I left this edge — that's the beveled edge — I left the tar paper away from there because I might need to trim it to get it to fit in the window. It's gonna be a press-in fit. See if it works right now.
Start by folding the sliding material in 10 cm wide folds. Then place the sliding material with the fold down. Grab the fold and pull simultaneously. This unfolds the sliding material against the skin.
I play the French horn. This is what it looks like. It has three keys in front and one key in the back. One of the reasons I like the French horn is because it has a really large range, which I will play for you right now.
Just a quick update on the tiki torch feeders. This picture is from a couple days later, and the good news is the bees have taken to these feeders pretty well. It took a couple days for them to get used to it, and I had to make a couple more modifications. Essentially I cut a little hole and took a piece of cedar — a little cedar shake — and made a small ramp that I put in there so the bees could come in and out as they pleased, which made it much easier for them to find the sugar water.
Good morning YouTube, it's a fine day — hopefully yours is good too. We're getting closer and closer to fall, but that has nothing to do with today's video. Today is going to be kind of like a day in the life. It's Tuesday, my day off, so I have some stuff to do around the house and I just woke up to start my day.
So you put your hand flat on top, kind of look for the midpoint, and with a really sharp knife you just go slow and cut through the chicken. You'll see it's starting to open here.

***

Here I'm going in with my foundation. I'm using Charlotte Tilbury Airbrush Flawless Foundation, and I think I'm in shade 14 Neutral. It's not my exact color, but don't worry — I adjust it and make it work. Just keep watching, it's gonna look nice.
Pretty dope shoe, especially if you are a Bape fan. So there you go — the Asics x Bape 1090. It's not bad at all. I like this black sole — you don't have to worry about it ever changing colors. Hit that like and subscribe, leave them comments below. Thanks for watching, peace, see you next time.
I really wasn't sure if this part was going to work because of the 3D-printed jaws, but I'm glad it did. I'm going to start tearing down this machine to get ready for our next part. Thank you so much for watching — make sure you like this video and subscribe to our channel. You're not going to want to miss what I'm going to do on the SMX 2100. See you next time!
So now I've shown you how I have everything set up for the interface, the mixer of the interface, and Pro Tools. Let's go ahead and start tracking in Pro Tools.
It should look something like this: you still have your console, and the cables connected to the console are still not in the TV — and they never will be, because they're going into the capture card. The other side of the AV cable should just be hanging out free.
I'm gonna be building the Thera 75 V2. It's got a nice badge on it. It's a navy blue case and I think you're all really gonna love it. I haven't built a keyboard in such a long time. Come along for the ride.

***

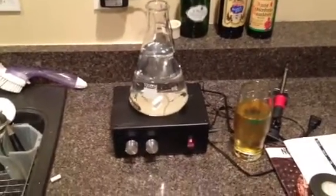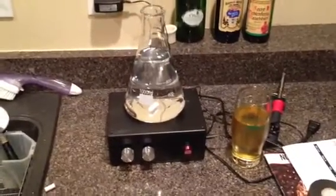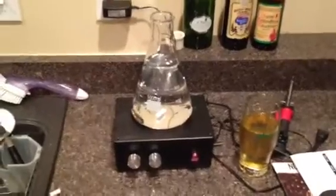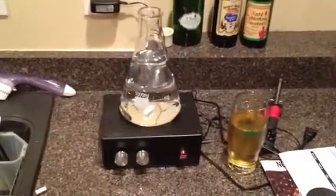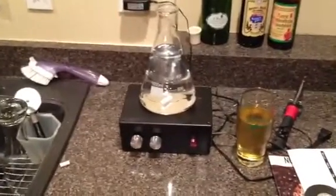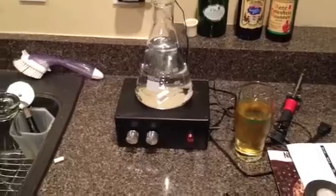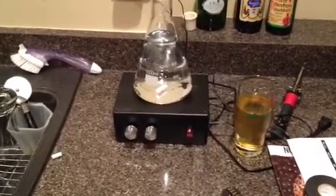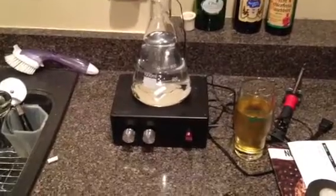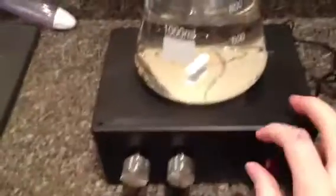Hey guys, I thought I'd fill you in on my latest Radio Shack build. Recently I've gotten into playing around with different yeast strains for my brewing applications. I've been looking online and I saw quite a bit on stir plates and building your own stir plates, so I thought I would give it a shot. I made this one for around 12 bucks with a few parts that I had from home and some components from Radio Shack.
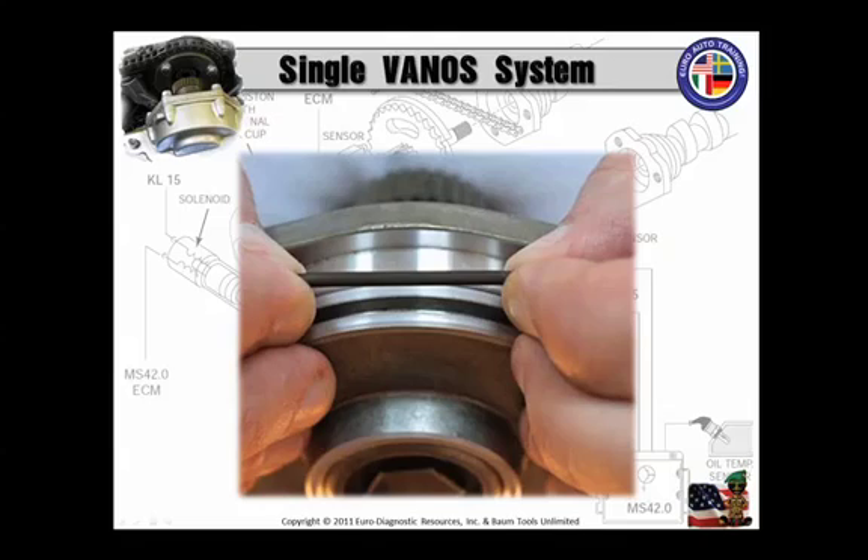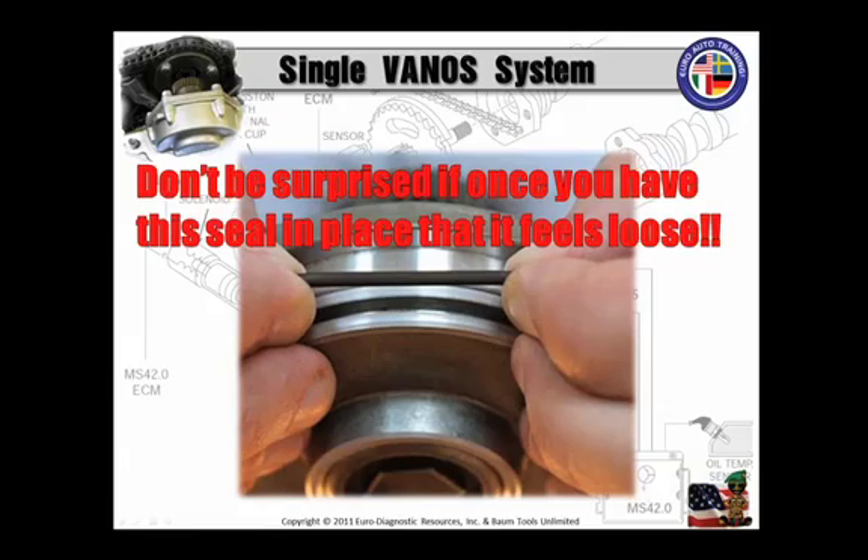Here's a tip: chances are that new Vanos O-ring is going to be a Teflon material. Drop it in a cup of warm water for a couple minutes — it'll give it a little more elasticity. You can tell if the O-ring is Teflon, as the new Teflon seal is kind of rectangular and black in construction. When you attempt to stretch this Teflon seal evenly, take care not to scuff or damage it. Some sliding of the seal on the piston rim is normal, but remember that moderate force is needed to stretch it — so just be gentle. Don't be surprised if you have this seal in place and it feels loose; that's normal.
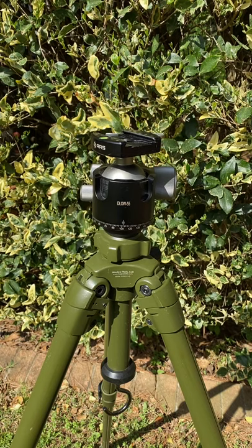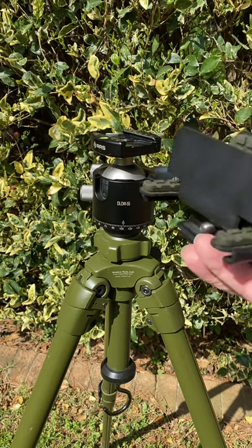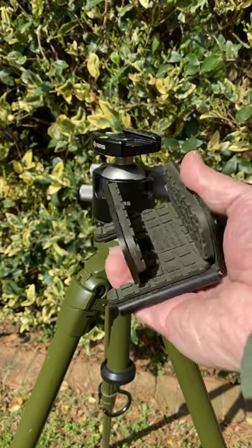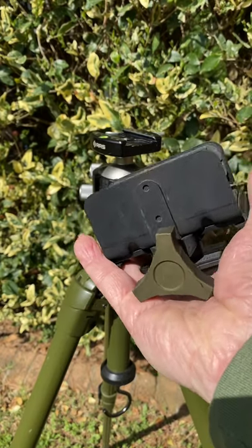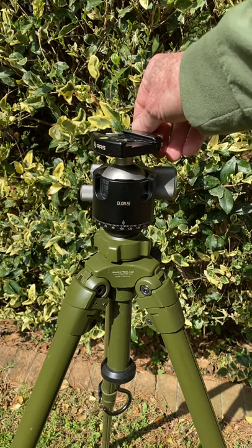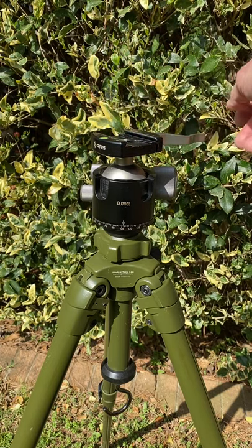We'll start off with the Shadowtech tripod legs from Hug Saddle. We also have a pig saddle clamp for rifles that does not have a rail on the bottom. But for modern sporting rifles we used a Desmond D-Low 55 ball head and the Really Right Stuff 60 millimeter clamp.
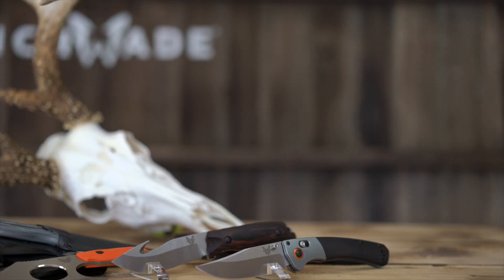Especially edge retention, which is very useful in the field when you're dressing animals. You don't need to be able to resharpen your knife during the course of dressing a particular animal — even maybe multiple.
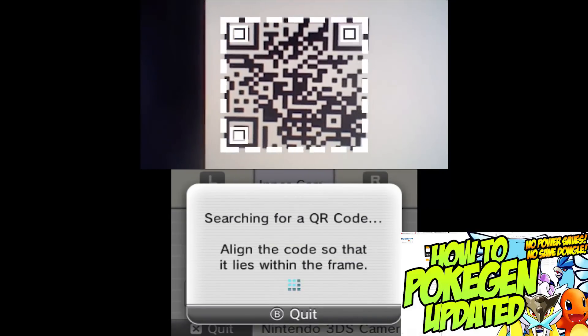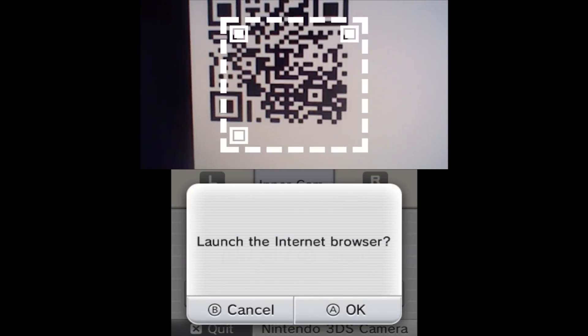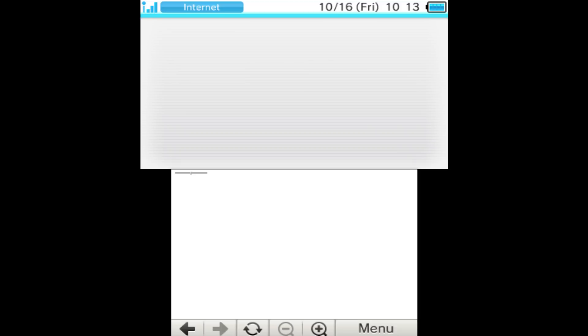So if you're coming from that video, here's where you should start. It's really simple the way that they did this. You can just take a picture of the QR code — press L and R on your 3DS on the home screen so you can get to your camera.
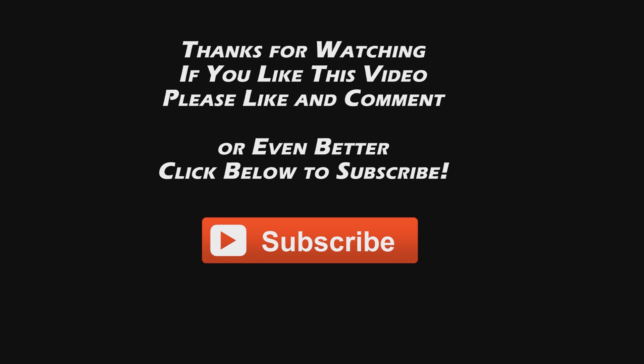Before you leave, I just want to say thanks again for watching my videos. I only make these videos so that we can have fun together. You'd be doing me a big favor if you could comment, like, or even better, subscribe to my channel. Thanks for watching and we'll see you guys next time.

***

• Exercise brief
In the listing above, locate the line containing "Here I'm going" and the line containing "So now I've", then transcribe both and every line between them verbatim.

• Your solution
Here I'm going in with my foundation. I'm using Charlotte Tilbury Airbrush Flawless Foundation, and I think I'm in shade 14 Neutral. It's not my exact color, but don't worry — I adjust it and make it work. Just keep watching, it's gonna look nice.
Pretty dope shoe, especially if you are a Bape fan. So there you go — the Asics x Bape 1090. It's not bad at all. I like this black sole — you don't have to worry about it ever changing colors. Hit that like and subscribe, leave them comments below. Thanks for watching, peace, see you next time.
I really wasn't sure if this part was going to work because of the 3D-printed jaws, but I'm glad it did. I'm going to start tearing down this machine to get ready for our next part. Thank you so much for watching — make sure you like this video and subscribe to our channel. You're not going to want to miss what I'm going to do on the SMX 2100. See you next time!
So now I've shown you how I have everything set up for the interface, the mixer of the interface, and Pro Tools. Let's go ahead and start tracking in Pro Tools.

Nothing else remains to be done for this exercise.